Quantum K--theory of Grassmannians from a Yang-Baxter algebra

Abstract: In an earlier paper, two of the authors defined a $5$-vertex Yang-Baxter algebra (a Hopf algebra) which acts on the sum of the equivariant quantum K-rings of Grassmannians $\mathrm{Gr}(k;n)$, where $k$ varies from $0$ to $n$. We construct geometrically defined operators on quantum K-rings describing this action. In particular, the $R$-matrix defining the Yang-Baxter algebra corresponds to the left Weyl group action. Most importantly, we use the `quantum=classical' statement for the quantum K-theory of Grassmannians to prove an explicit geometric interpretation of the action of generators of the Yang-Baxter algebra.
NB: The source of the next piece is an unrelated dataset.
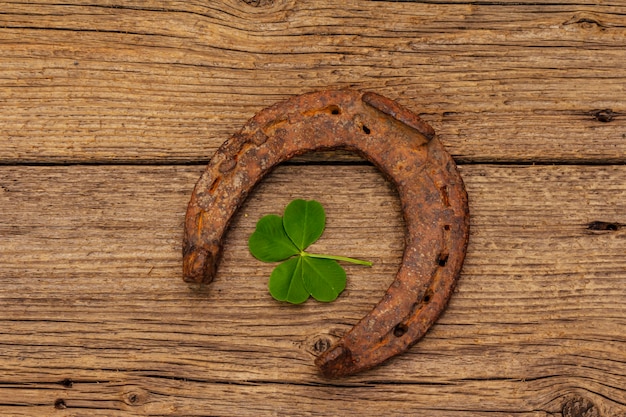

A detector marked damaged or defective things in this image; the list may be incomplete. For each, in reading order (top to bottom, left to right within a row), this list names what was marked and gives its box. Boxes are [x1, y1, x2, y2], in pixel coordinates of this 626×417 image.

rusty horseshoe [183, 89, 466, 378]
The diagonal entries of the monodromy matrix are given by quantum K-multiplications by explicitly defined classes, and the off-diagonal entries by certain push-pull convolutions. We use this to find a quantization of the classes of fixed points in the quantum K-rings, corresponding to the Bethe vectors of the Yang-Baxter algebra. On each of the quantum K-rings, we prove that the two Frobenius structures (one from geometry, and the other from the integrable system construction) coincide. We discuss several applications, including an action of the extended affine Weyl group on the quantum K-theory ring (extending the Seidel action), a quantum version of the localization map (which is a ring homomorphism with respect to the quantum K-product), and a graphical calculus to multiply by Hirzebruch $\lambda_y$ classes of the dual of the tautological quotient bundle. In an Appendix we illustrate our results in the case when $n=2$.